**Data excerpts**.

======

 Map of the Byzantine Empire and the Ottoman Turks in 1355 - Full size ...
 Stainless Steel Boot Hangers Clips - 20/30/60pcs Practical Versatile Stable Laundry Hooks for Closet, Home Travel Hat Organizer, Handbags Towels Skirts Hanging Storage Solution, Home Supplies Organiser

======

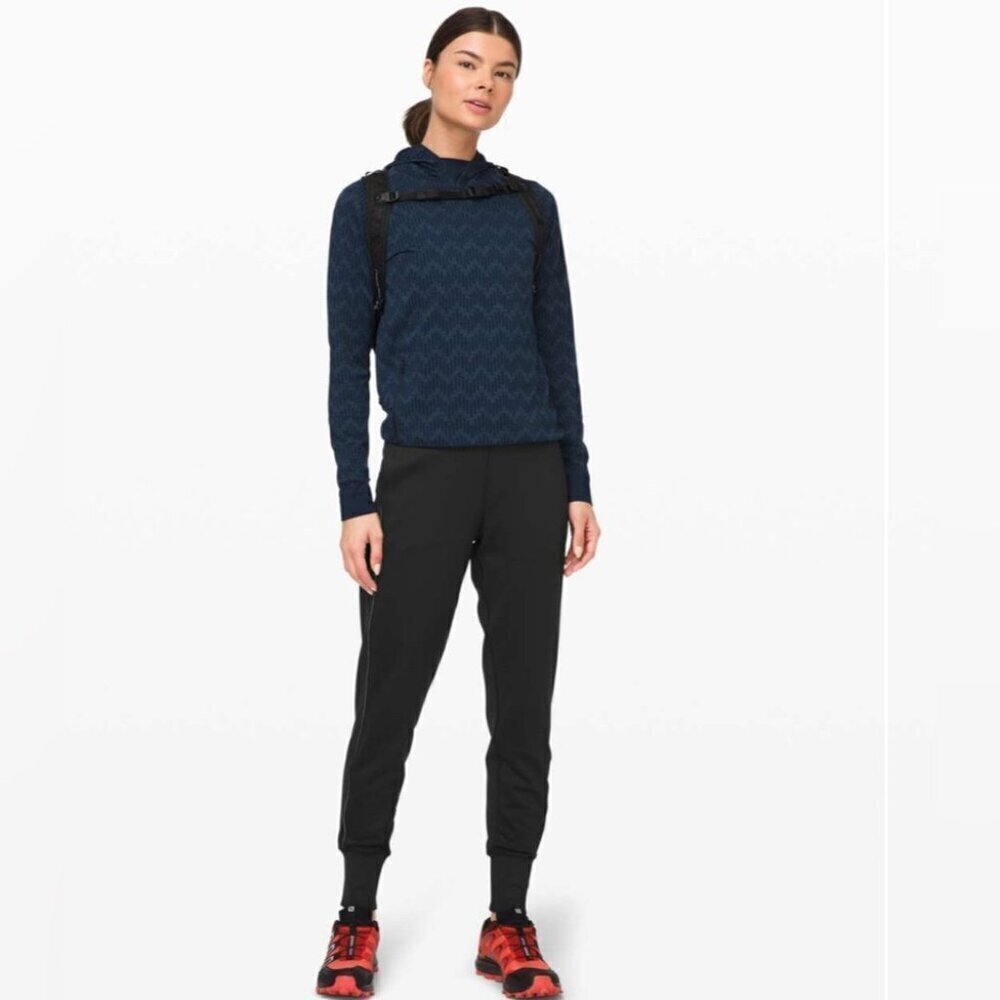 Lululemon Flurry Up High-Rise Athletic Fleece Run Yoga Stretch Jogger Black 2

======

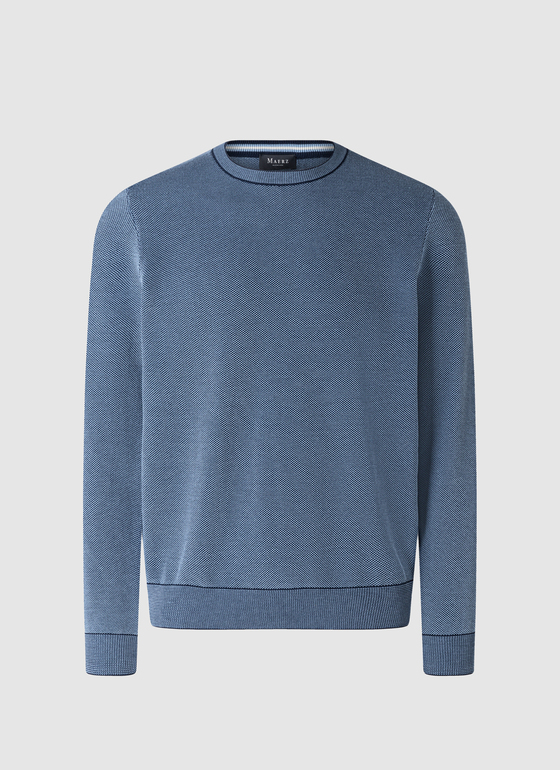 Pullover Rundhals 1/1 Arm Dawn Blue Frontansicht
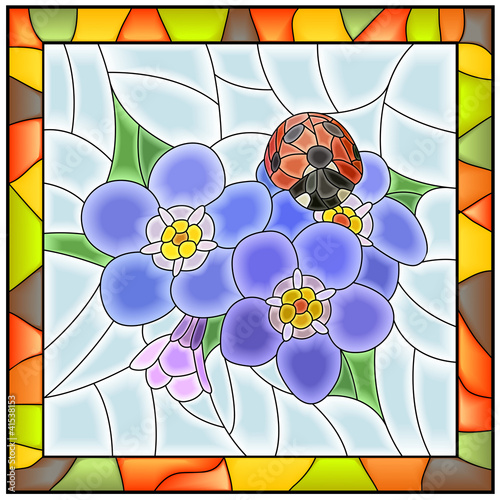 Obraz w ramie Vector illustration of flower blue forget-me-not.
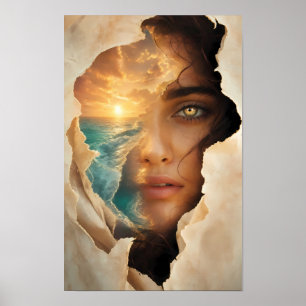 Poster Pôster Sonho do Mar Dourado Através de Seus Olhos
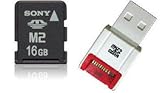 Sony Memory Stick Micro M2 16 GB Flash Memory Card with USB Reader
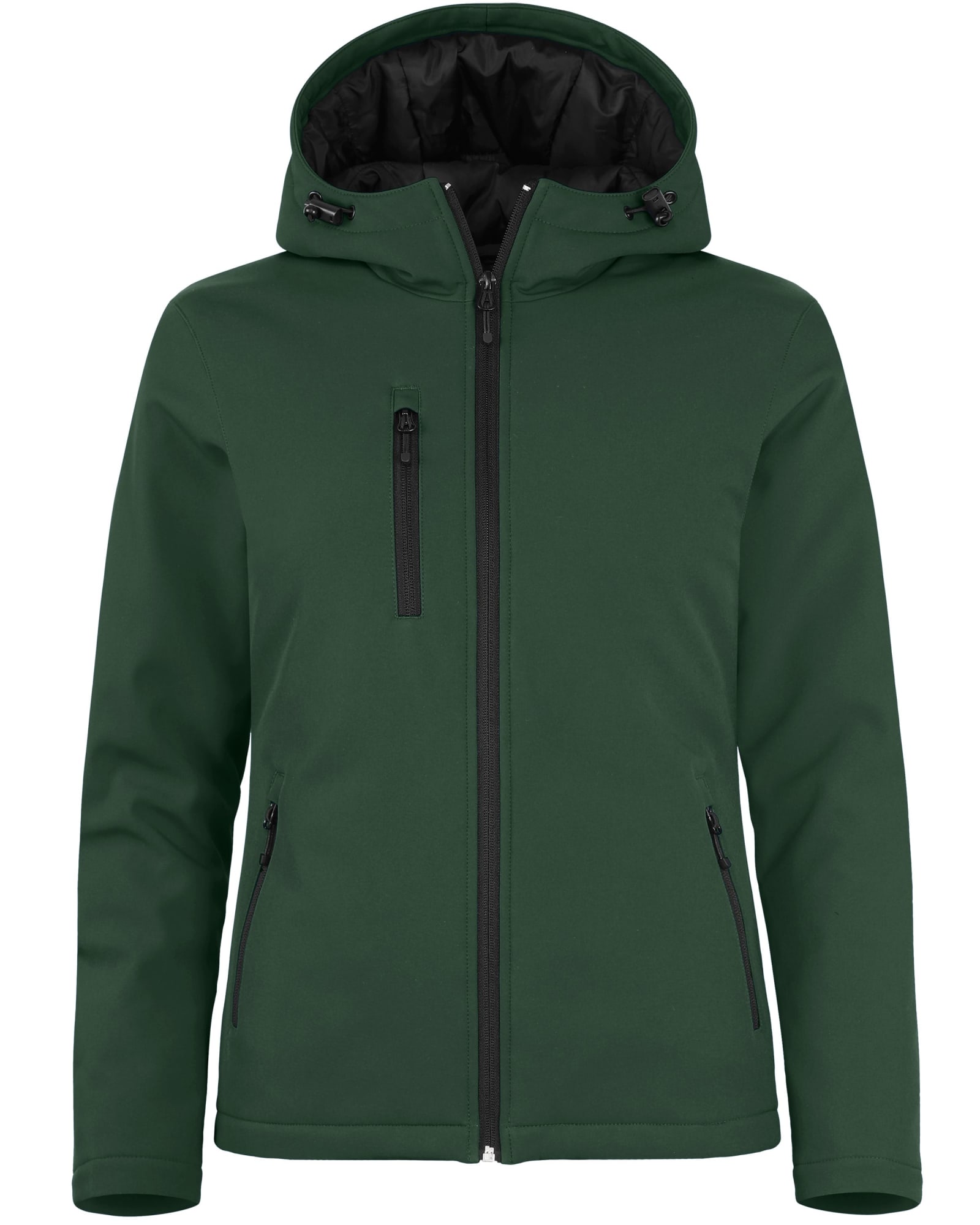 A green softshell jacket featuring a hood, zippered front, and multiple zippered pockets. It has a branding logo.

======

**Exercise**. Give exactly the lines above that run from the line with "Poster Pôster Sonho" to the line with "A green softshell", both included, leaving every picture out.

**Answer area**.
 Poster Pôster Sonho do Mar Dourado Através de Seus Olhos
 Sony Memory Stick Micro M2 16 GB Flash Memory Card with USB Reader
 A green softshell jacket featuring a hood, zippered front, and multiple zippered pockets. It has a branding logo.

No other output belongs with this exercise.